Chamberlain Barnsley


 H & F Chamberlain, Dodworth Road, Barnsley. Photos by courtesy of the Frank Lawson collection.


T T Chapman



Photo by Nigel Furniss.

Chapman & Morson



Photo by Mark Cranston, Arthur Brickman adds: Chapman & Morson, Crook Colliery, County Durham

Charlaw

A Charlaw brick.  The Charlaw and Sacriston Collieries Co. Ltd ran mines in the Sacriston area of Co. Durham. See this website.  Photo and info by Andrew Gardner.


Charles Richardson

Found in Derbyshire by Martyn Fretwell. Martyn thinks that that CR could be Charles Richardson of Vauxhall, London, His brickfield was at Teynham, Kent and his cement works at nearby Conyer. He owned wharves at Vauxhall and Conyer, using his own barges to transport his goods. His bricks were stamped CR. In the early 1880's he joined forces with John Francis Eastwood and four others to form Eastwoods Co. Ltd. supplying bricks to London, Kent and Essex by barge. An ever expanding Eastwoods went on to own many brickworks in Eastern and South-Eastern Counties of England including making Fletton bricks at Peterborough. See entry for Eastwoods. Photo by Martyn Fretwell.


T. Charlton & Co.

T. Charlton & Co owned a number of mines around Bitchburn. This one was found near coke ovens at East Howle in County Durham.  Thanks to Paul Harman for the information and photo.


Charnwood

Thanks to Darren Haywood for the contribution.


Chellaston near Derby 

Photo supplied by A.K.A. Demik.



Chellaston Minerals, Derby produced bricks from 1871 to 1978. Originally the company quarried alabaster and when good quality alabaster started to be in short supply, the company turned to producing bricks as the clay which had been a waste product was put to good use. Bricks were in great demand during both World Wars, especially the Second as the company had to keep a sufficient stock of bricks to rebuild Rolls Royce in case of major damage by enemy bombs.
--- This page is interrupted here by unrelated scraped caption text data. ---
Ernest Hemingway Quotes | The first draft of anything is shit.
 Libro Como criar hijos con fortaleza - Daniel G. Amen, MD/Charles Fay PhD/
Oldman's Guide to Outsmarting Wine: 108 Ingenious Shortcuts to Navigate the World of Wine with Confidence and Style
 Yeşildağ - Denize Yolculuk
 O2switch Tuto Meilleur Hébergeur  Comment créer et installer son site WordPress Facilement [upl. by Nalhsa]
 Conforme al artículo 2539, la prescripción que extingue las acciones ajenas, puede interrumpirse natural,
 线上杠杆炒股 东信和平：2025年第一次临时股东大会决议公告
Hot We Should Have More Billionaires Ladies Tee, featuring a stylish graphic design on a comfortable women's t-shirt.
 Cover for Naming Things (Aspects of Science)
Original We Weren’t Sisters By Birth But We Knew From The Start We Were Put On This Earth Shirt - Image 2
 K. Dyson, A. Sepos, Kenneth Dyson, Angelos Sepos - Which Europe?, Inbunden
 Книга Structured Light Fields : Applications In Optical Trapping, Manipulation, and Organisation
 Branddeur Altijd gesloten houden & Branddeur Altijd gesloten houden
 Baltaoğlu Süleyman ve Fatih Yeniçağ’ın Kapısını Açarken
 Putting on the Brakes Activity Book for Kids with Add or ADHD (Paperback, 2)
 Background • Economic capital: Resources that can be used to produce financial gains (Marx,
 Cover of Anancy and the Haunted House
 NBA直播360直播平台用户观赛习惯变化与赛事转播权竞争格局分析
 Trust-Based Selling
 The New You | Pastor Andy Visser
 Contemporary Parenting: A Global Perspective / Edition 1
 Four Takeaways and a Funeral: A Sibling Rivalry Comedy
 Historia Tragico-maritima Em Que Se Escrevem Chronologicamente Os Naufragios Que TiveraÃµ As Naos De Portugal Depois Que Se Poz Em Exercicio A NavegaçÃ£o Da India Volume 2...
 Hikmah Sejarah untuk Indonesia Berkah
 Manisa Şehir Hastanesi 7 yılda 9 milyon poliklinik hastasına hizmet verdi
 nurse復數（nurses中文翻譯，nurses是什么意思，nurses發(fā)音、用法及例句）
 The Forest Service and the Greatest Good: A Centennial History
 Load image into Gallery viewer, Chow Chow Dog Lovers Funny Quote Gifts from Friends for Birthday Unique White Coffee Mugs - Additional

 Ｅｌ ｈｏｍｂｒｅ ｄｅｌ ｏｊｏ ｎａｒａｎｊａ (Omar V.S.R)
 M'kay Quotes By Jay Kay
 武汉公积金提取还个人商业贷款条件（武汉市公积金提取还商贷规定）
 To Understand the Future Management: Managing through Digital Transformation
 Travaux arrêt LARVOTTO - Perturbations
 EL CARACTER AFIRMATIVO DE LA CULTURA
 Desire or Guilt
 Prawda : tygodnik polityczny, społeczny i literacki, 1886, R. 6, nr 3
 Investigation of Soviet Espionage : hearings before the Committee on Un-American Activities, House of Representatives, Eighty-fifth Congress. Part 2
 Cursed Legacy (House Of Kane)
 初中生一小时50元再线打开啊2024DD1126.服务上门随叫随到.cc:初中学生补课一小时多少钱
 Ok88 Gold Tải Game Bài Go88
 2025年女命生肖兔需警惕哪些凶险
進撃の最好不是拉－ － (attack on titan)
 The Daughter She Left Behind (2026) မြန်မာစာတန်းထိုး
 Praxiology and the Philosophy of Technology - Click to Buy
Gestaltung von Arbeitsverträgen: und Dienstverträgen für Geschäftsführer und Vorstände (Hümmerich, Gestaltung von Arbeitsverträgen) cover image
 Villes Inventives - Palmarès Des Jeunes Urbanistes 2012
Info and photo by Martyn Fretwell. Brick from the Phil Sparham Collection.

Cheltenham



Photo by courtesy of the Richard Symonds collection.

Cherry Orchard

The works became the Cherry Orchard brickworks possibly as early as mid-1889, and it became Kenilworth's last brickworks, closing in 1977.  Date of this brick uncertain, but it came from a building put up in the late 19th century.  Thanks to Robin Leach for the photo and info.

Robin writes: frustratingly, I have yet to find the years that the works operated under this fuller title, nor did I record where I got the brick from.  The pit at the works was in use as a tip even in pre WW1 days and since closure became a full scale pit-filling operation. Today, with the pit filled and grassed over, it is a 're-cycling centre' and all the rubbish is taken from there to elsewhere.

Simon Patterson photographed this one at Avoncroft Museum


Cheshire Brick Co.

Photos by courtesy of the Frank Lawson collection. 



The Cheshire Brick Co works was situated at Middlewood between Hazel Grove and High Lane. Production began as the Middlewood Brick Co in the 1920s and ended in the early 1960s.  Photo and info by David Kitching.

Chester Brick Co. (Chester Le Street)



Photo by Mark Cranston.  Arthur Brickman adds: Knowing the find location, (within a stones throw of a number of post-war Council built estates here on Tyneside), I suspect this is the Chester Brick Company, (as in Chester-le-Street), Plawsworth, Co. Durham, established in 1953. A calcium-silicate brick, formed by mixing various grades of sand with hydrated lime, before adding colouring dyes and baking in an autoclave - I believe this shade was known as 'Cumberland Stone'.

Churwell - (A Rodgers)

Churwell Brick Co., Leeds. Site operated by Fitton Bros. in 1904, as Churwell Brick Company 1938 and by A. Rodgers in 1956. Site cleared c2000. Image PRBCO.